From the entries below, print exactly the span beginning with the line holding "In the title" and ending with the line holding "You will love", endpoints included, and skip any pictures.

━━━ Data supplied

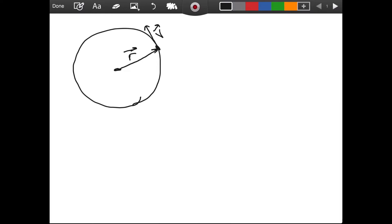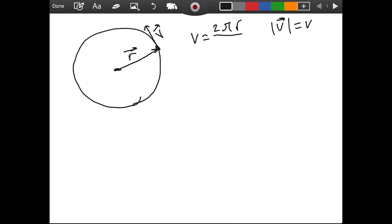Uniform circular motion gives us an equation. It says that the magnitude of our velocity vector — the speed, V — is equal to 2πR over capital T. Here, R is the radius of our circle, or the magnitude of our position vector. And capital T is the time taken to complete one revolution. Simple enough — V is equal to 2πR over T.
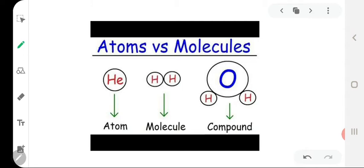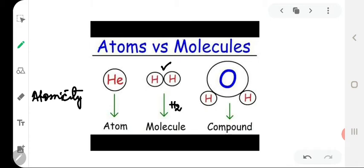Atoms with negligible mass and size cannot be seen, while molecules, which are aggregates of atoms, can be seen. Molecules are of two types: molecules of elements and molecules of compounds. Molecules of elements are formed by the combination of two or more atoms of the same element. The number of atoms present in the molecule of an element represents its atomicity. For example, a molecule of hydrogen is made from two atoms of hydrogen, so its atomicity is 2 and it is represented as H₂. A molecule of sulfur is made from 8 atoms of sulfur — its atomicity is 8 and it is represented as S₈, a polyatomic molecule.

━━━━━━
━━━ Data supplied

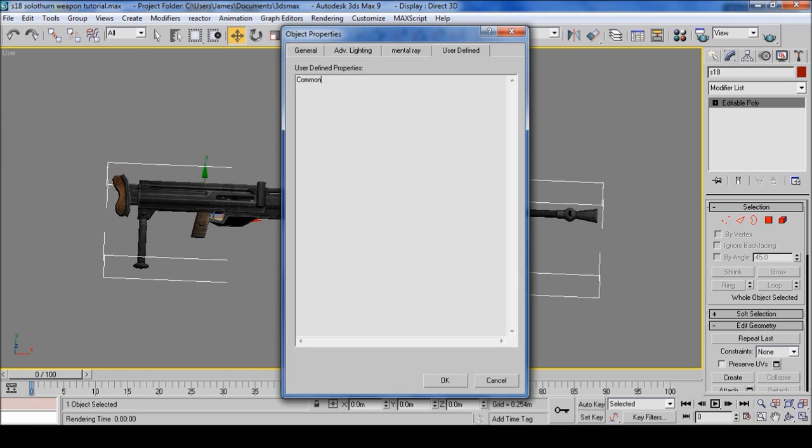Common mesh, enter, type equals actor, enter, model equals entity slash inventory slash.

━━━━━━
━━━ Data supplied

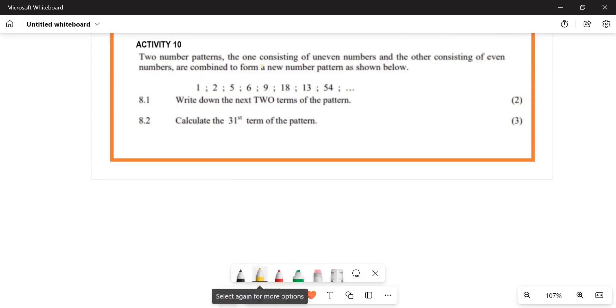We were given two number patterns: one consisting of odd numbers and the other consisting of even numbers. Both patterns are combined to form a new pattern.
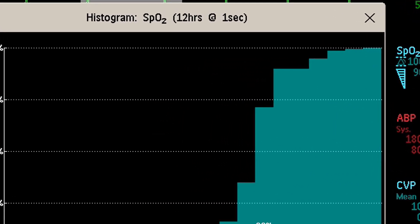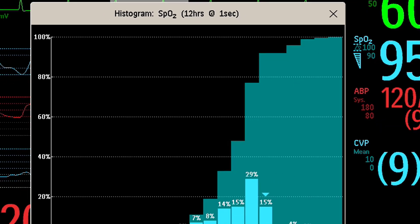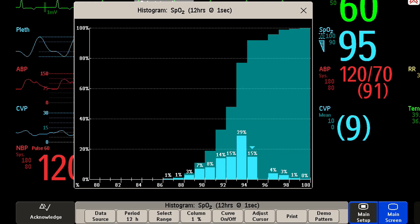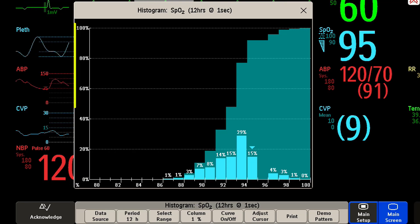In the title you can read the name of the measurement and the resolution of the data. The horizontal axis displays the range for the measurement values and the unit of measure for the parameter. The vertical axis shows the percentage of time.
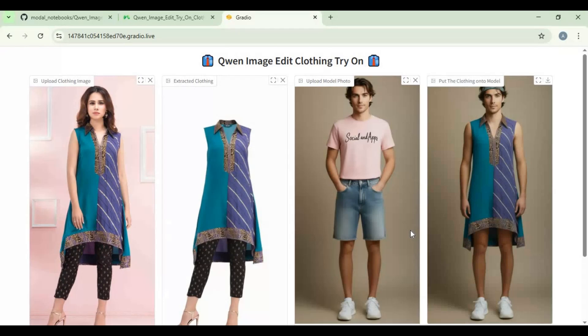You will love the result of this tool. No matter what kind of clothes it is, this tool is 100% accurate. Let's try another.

━━━━━━

## [Task response]
In the title you can read the name of the measurement and the resolution of the data. The horizontal axis displays the range for the measurement values and the unit of measure for the parameter. The vertical axis shows the percentage of time.
You will love the result of this tool. No matter what kind of clothes it is, this tool is 100% accurate. Let's try another.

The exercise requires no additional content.